CELLO

Recent study of Luigi Boccherini's skeleton revealed the threat of scoliosis for cellists

Statue Of Luigi Boccherini in Lucca by Daphné Du Barry
Statue Of Luigi Boccherini in Lucca by Daphné Du Barry

Luigi Boccherini was born in the Italian town of Lucca in Tuscany in 1743. He was the third child of a double-bass player, Leopoldo Boccherini, and the brother of Giovanni Boccherini, a notable poet and dancer who wrote librettos for Antonio Salieri and Joseph Haydn.

The Boccherini patriarch started giving Luigi cello lessons when the boy was five years old, though later on, from the age of nine, Luigi continued his studies with Abbé Vanucci, music director of the cathedral at San Martino.

When Luigi reached the age of thirteen, he was sent to Rome to study with the renowned cellist Giovanni Battista Costanzi, the then musical director at Saint Peter’s Basilica. It was there that Boccherini was influenced by the polyphonic tradition stemming from the choral works of Giovanni da Palestrina and instrumental music of Arcangelo Corelli.

In 1765, Boccherini and his father went to Milan which at the time attracted all sorts of talented musicians as it was a place for them to thrive. Next year when his father died, the composer formed a new partnership with the violinist Filippo Manfredi. They toured Italy for one year and made their way to Paris, where they became a sensation. 

It was the Spanish ambassador to Paris who in 1769 persuaded Boccherini to move to Madrid, where he began his long sojourn at the intrigue-ridden court of Charles III. He stayed in Spain for the remainder of his life. 

Among Boccherini's patrons was the French consul Lucien Bonaparte, as well as King Friedrich Wilhelm II of Prussia, himself an amateur cellist, flautist, and overall an avid supporter of the arts. 

In 1798, the new king of Prussia refused to extend Boccherini’s pension. Next year the composer entered into an arrangement with the publisher and piano manufacturer Ignaz Pleyel, who both praised and distributed Boccherini's works. 

Listen to the first movement of Boccherini's Cello Concerto in B Flat performed by Jacqueline du Pré with the English Chamber Orchestra conducted by Daniel Barenboim:

In 1803, Boccherini was reported as living in "distress," but this is as likely from emotional depression as financial hardship, for in 1802 two of his daughters died from an epidemic within a few days of each other. In 1804, both his wife and his only living daughter followed. It seems clear now that Boccherini, although he continued to compose up to the end, had little interest in living, and died in 1805, of what was described as "pulmonary suffocation." 

He was buried in the Church of San Justo in Madrid.
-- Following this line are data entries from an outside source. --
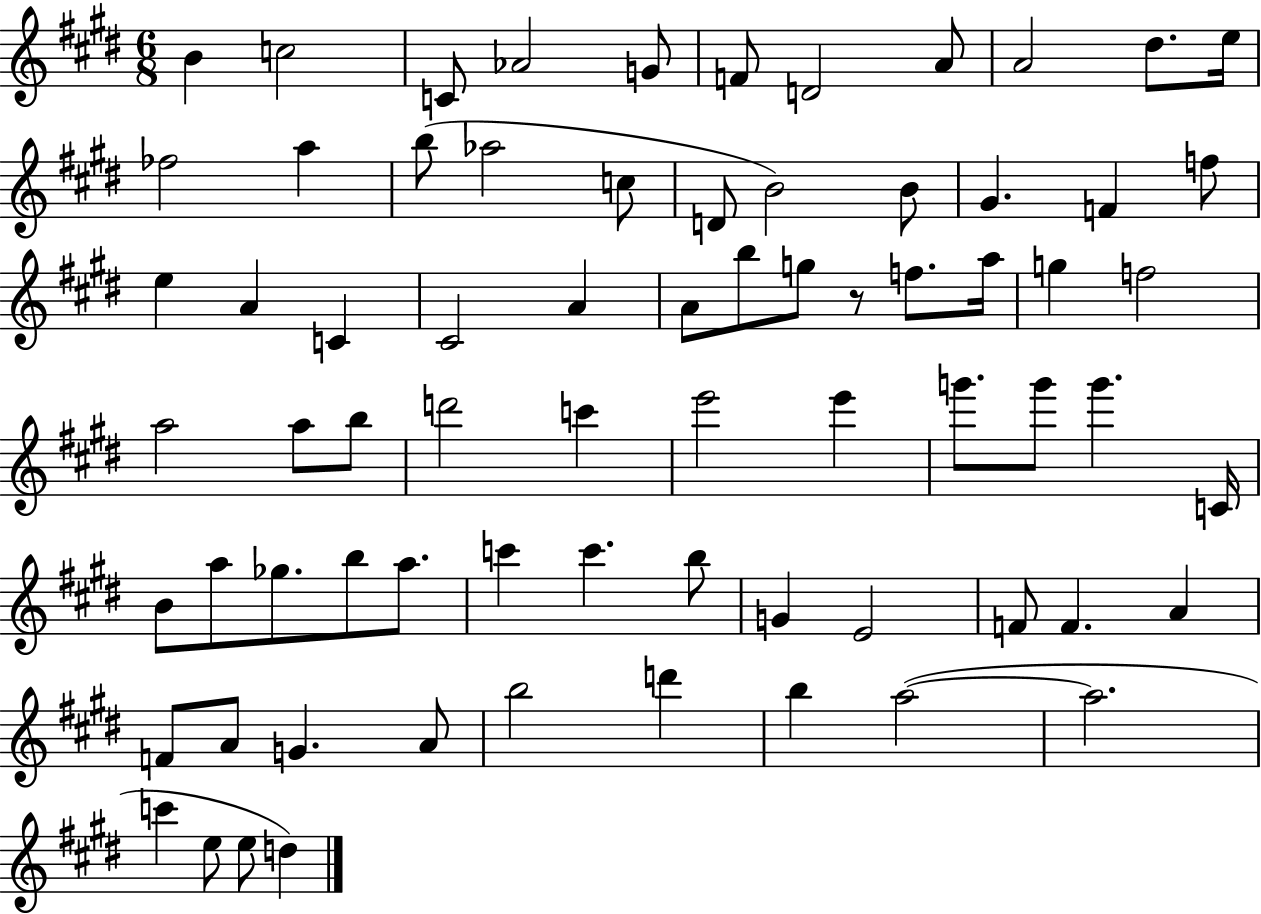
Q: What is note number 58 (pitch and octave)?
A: A4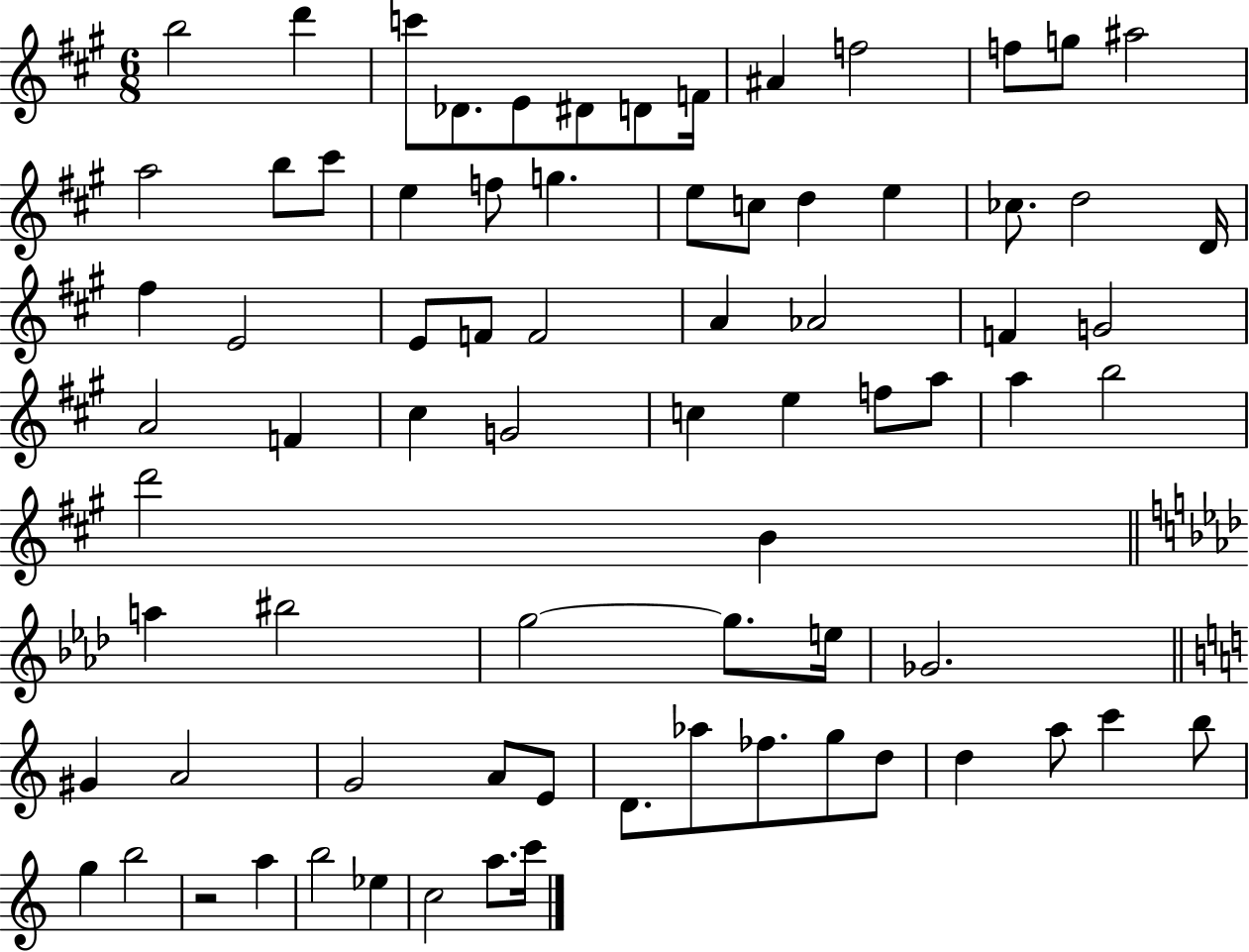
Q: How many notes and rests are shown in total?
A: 76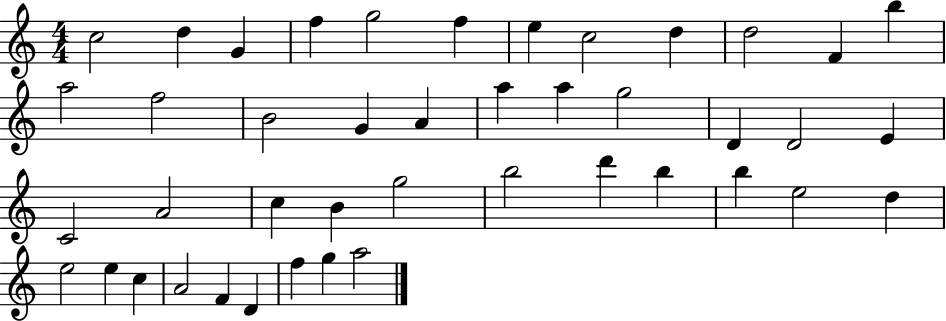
C5/h D5/q G4/q F5/q G5/h F5/q E5/q C5/h D5/q D5/h F4/q B5/q A5/h F5/h B4/h G4/q A4/q A5/q A5/q G5/h D4/q D4/h E4/q C4/h A4/h C5/q B4/q G5/h B5/h D6/q B5/q B5/q E5/h D5/q E5/h E5/q C5/q A4/h F4/q D4/q F5/q G5/q A5/h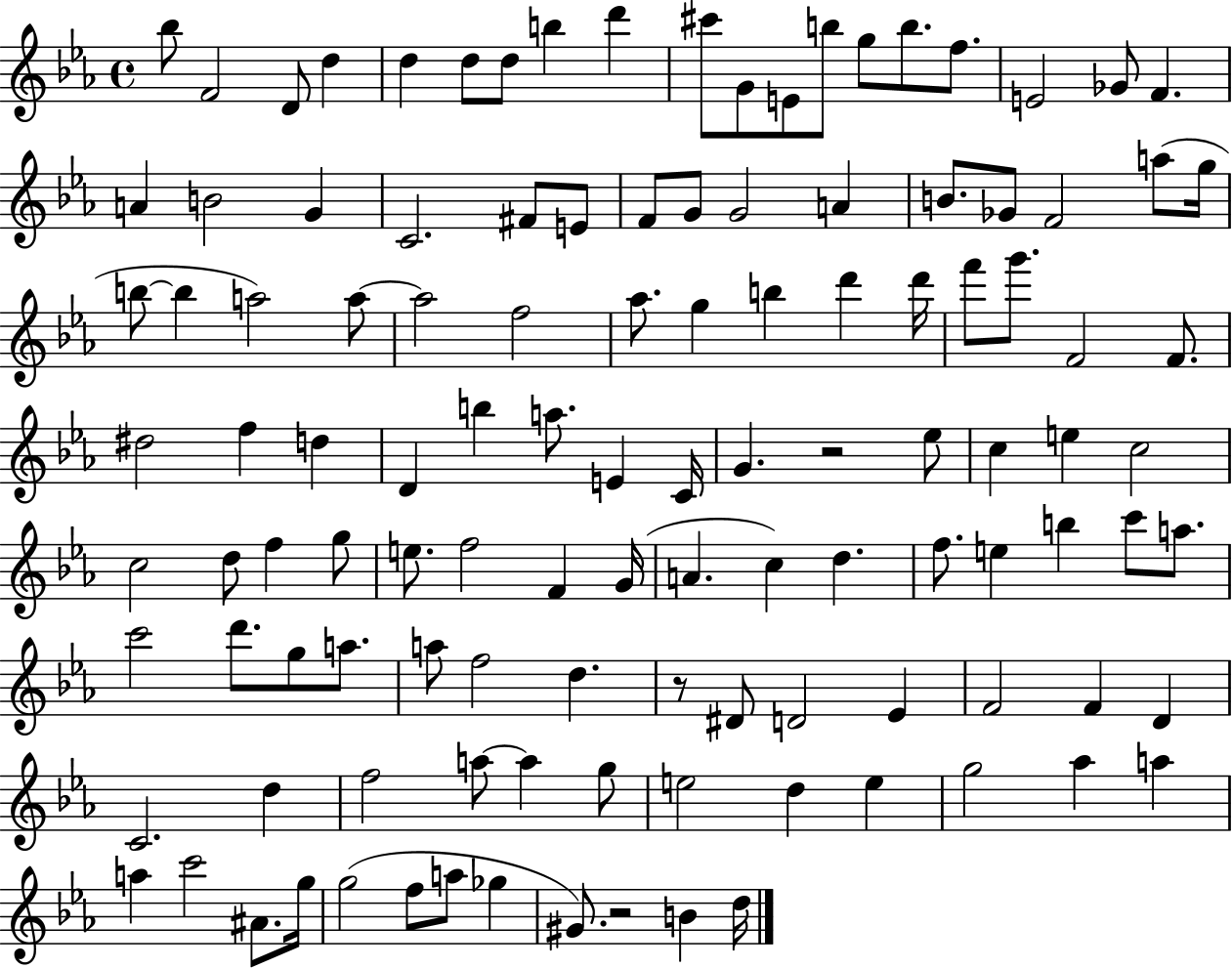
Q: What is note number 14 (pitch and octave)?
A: G5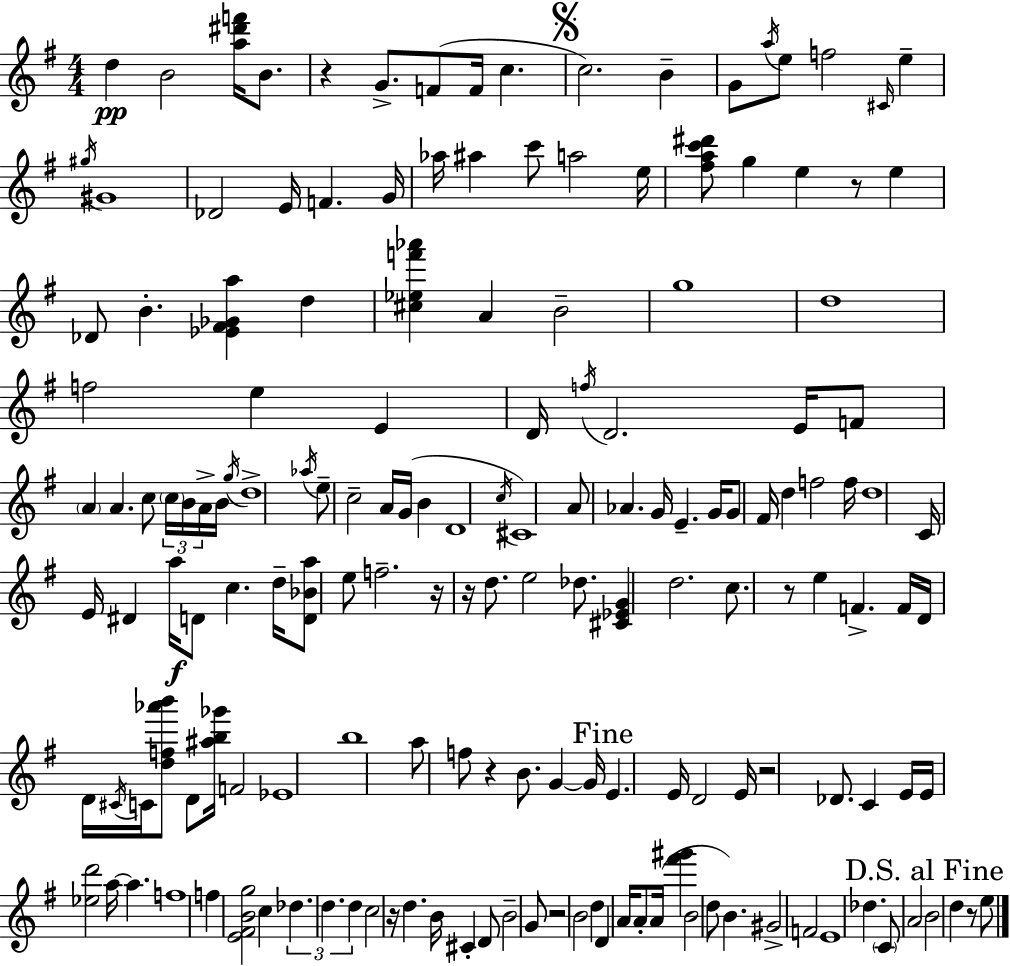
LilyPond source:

{
  \clef treble
  \numericTimeSignature
  \time 4/4
  \key e \minor
  d''4\pp b'2 <a'' dis''' f'''>16 b'8. | r4 g'8.-> f'8( f'16 c''4. | \mark \markup { \musicglyph "scripts.segno" } c''2.) b'4-- | g'8 \acciaccatura { a''16 } e''8 f''2 \grace { cis'16 } e''4-- | \break \acciaccatura { gis''16 } gis'1 | des'2 e'16 f'4. | g'16 aes''16 ais''4 c'''8 a''2 | e''16 <fis'' a'' c''' dis'''>8 g''4 e''4 r8 e''4 | \break des'8 b'4.-. <ees' fis' ges' a''>4 d''4 | <cis'' ees'' f''' aes'''>4 a'4 b'2-- | g''1 | d''1 | \break f''2 e''4 e'4 | d'16 \acciaccatura { f''16 } d'2. | e'16 f'8 \parenthesize a'4 a'4. c''8 | \tuplet 3/2 { \parenthesize c''16 b'16 a'16-> } b'16 \acciaccatura { g''16 } d''1-> | \break \acciaccatura { aes''16 } e''8-- c''2-- | a'16 g'16( b'4 d'1 | \acciaccatura { c''16 }) cis'1 | a'8 aes'4. g'16 | \break e'4.-- g'16 g'8 fis'16 d''4 f''2 | f''16 d''1 | c'16 e'16 dis'4 a''16\f d'8 | c''4. d''16-- <d' bes' a''>8 e''8 f''2.-- | \break r16 r16 d''8. e''2 | des''8. <cis' ees' g'>4 d''2. | c''8. r8 e''4 | f'4.-> f'16 d'16 d'16 \acciaccatura { cis'16 } c'16 <d'' f'' aes''' b'''>8 d'8 <ais'' b'' ges'''>16 | \break f'2 ees'1 | b''1 | a''8 f''8 r4 | b'8. g'4~~ g'16 \mark "Fine" e'4. e'16 d'2 | \break e'16 r2 | des'8. c'4 e'16 e'16 <ees'' d'''>2 | a''16~~ a''4. f''1 | f''4 <e' fis' b' g''>2 | \break c''4 \tuplet 3/2 { des''4. d''4. | d''4 } c''2 | r16 d''4. b'16 cis'4-. d'8 b'2-- | g'8 r2 | \break b'2 d''4 d'4 | a'16 a'8-. a'16( <fis''' gis'''>4 b'2 | d''8 b'4.) gis'2-> | f'2 e'1 | \break des''4. \parenthesize c'8 | a'2 \mark "D.S. al Fine" b'2 | d''4 r8 e''8 \bar "|."
}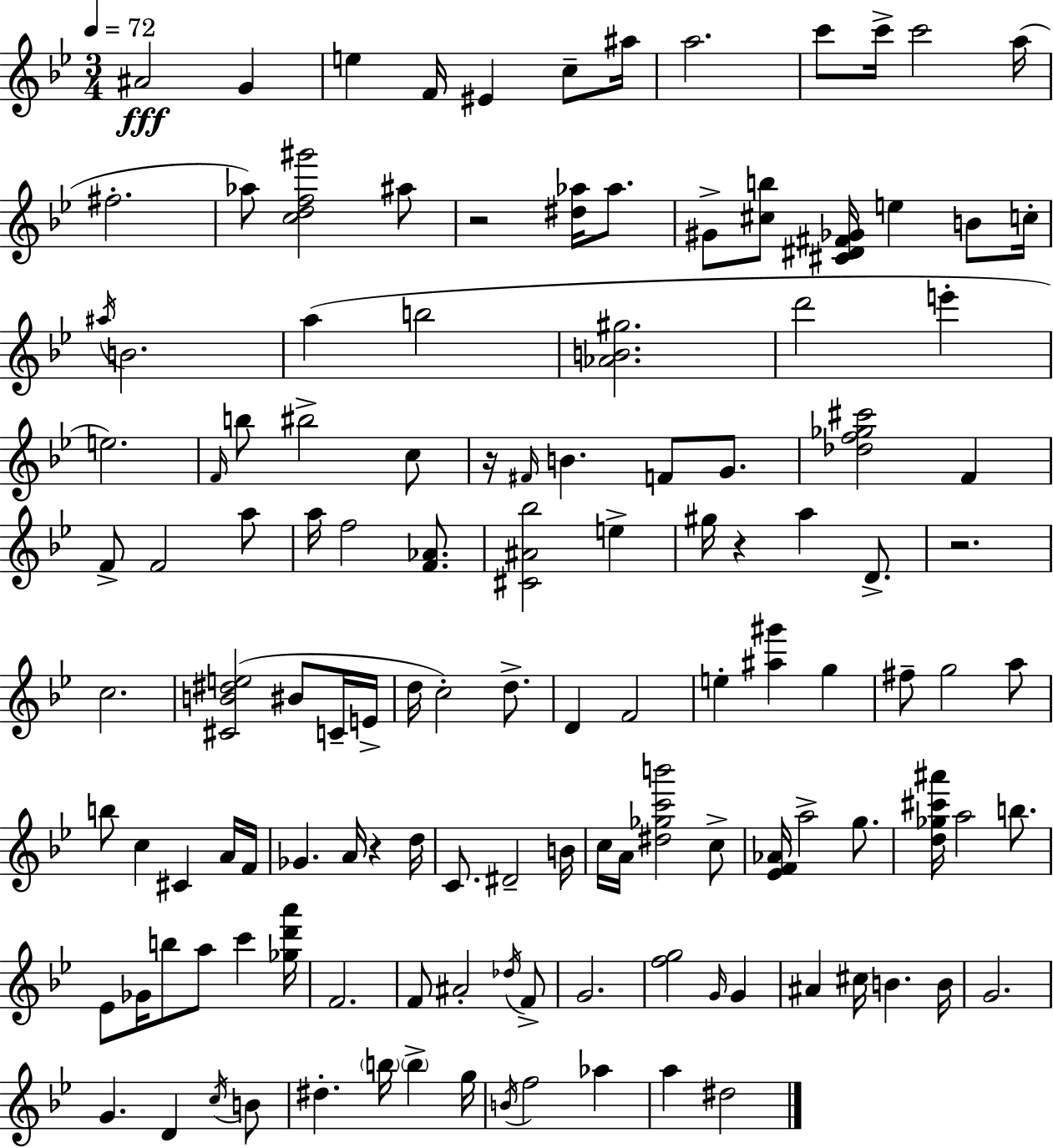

In 1927 his remains were disinterred and he was reburied in the Basilica of San Francesco in his hometown of Lucca.

Not many of Luigi Boccherini`s compositions are performed today, but his name is very important in the history of music, for he, along with Haydn, definitely established the form of string-quartet, for which he wrote a hundred works, with every composition retaining melodic invention and charm.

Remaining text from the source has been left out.